* _About this exercise_:
Are you able to quote each entry exactly as written?

======== Information supplied ========

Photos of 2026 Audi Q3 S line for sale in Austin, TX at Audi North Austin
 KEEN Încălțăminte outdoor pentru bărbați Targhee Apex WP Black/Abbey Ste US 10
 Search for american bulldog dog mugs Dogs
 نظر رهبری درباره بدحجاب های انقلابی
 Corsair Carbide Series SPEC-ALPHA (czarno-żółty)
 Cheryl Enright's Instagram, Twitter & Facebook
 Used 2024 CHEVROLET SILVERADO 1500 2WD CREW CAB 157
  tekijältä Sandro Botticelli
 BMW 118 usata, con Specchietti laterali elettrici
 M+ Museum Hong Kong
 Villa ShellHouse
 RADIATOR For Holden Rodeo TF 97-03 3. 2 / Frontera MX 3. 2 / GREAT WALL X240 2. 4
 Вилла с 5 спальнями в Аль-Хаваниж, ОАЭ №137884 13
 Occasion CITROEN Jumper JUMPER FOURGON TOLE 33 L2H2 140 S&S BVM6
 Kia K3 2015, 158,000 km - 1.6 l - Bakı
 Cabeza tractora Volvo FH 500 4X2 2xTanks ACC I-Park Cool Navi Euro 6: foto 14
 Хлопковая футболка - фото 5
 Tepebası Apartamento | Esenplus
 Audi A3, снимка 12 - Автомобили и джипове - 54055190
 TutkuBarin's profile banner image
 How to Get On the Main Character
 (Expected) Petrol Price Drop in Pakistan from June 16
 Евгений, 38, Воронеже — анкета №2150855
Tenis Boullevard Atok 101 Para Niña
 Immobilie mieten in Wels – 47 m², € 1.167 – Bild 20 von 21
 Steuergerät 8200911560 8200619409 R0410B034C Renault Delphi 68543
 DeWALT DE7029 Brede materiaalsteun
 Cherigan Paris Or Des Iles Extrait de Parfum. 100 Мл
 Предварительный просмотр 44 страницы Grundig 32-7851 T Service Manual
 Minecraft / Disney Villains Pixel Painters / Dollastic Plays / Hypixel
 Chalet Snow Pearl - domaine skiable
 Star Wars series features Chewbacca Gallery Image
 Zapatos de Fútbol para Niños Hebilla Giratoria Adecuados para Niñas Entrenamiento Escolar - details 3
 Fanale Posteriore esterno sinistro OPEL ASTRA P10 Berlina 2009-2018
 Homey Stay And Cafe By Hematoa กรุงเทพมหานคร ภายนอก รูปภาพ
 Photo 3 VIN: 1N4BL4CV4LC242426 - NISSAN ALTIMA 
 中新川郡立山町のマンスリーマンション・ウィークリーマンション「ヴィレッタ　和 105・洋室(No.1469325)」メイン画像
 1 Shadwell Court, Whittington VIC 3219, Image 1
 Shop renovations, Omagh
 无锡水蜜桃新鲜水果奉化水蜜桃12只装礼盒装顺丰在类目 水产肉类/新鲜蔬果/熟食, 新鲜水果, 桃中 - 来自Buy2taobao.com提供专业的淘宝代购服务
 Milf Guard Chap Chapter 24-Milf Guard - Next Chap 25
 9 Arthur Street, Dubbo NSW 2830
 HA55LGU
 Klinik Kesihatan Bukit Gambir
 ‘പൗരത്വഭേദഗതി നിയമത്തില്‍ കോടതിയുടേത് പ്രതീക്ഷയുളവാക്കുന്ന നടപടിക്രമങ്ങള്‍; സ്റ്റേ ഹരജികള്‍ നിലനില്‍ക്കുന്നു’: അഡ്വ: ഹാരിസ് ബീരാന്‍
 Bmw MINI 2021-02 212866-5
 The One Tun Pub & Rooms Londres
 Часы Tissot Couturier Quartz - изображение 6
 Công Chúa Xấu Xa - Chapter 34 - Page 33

========

* _Solution below_:
Photos of 2026 Audi Q3 S line for sale in Austin, TX at Audi North Austin
 KEEN Încălțăminte outdoor pentru bărbați Targhee Apex WP Black/Abbey Ste US 10
 Search for american bulldog dog mugs Dogs
 نظر رهبری درباره بدحجاب های انقلابی
 Corsair Carbide Series SPEC-ALPHA (czarno-żółty)
 Cheryl Enright's Instagram, Twitter & Facebook
 Used 2024 CHEVROLET SILVERADO 1500 2WD CREW CAB 157
  tekijältä Sandro Botticelli
 BMW 118 usata, con Specchietti laterali elettrici
 M+ Museum Hong Kong
 Villa ShellHouse
 RADIATOR For Holden Rodeo TF 97-03 3. 2 / Frontera MX 3. 2 / GREAT WALL X240 2. 4
 Вилла с 5 спальнями в Аль-Хаваниж, ОАЭ №137884 13
 Occasion CITROEN Jumper JUMPER FOURGON TOLE 33 L2H2 140 S&S BVM6
 Kia K3 2015, 158,000 km - 1.6 l - Bakı
 Cabeza tractora Volvo FH 500 4X2 2xTanks ACC I-Park Cool Navi Euro 6: foto 14
 Хлопковая футболка - фото 5
 Tepebası Apartamento | Esenplus
 Audi A3, снимка 12 - Автомобили и джипове - 54055190
 TutkuBarin's profile banner image
 How to Get On the Main Character
 (Expected) Petrol Price Drop in Pakistan from June 16
 Евгений, 38, Воронеже — анкета №2150855
Tenis Boullevard Atok 101 Para Niña
 Immobilie mieten in Wels – 47 m², € 1.167 – Bild 20 von 21
 Steuergerät 8200911560 8200619409 R0410B034C Renault Delphi 68543
 DeWALT DE7029 Brede materiaalsteun
 Cherigan Paris Or Des Iles Extrait de Parfum. 100 Мл
 Предварительный просмотр 44 страницы Grundig 32-7851 T Service Manual
 Minecraft / Disney Villains Pixel Painters / Dollastic Plays / Hypixel
 Chalet Snow Pearl - domaine skiable
 Star Wars series features Chewbacca Gallery Image
 Zapatos de Fútbol para Niños Hebilla Giratoria Adecuados para Niñas Entrenamiento Escolar - details 3
 Fanale Posteriore esterno sinistro OPEL ASTRA P10 Berlina 2009-2018
 Homey Stay And Cafe By Hematoa กรุงเทพมหานคร ภายนอก รูปภาพ
 Photo 3 VIN: 1N4BL4CV4LC242426 - NISSAN ALTIMA 
 中新川郡立山町のマンスリーマンション・ウィークリーマンション「ヴィレッタ　和 105・洋室(No.1469325)」メイン画像
 1 Shadwell Court, Whittington VIC 3219, Image 1
 Shop renovations, Omagh
 无锡水蜜桃新鲜水果奉化水蜜桃12只装礼盒装顺丰在类目 水产肉类/新鲜蔬果/熟食, 新鲜水果, 桃中 - 来自Buy2taobao.com提供专业的淘宝代购服务
 Milf Guard Chap Chapter 24-Milf Guard - Next Chap 25
 9 Arthur Street, Dubbo NSW 2830
 HA55LGU
 Klinik Kesihatan Bukit Gambir
 ‘പൗരത്വഭേദഗതി നിയമത്തില്‍ കോടതിയുടേത് പ്രതീക്ഷയുളവാക്കുന്ന നടപടിക്രമങ്ങള്‍; സ്റ്റേ ഹരജികള്‍ നിലനില്‍ക്കുന്നു’: അഡ്വ: ഹാരിസ് ബീരാന്‍
 Bmw MINI 2021-02 212866-5
 The One Tun Pub & Rooms Londres
 Часы Tissot Couturier Quartz - изображение 6
 Công Chúa Xấu Xa - Chapter 34 - Page 33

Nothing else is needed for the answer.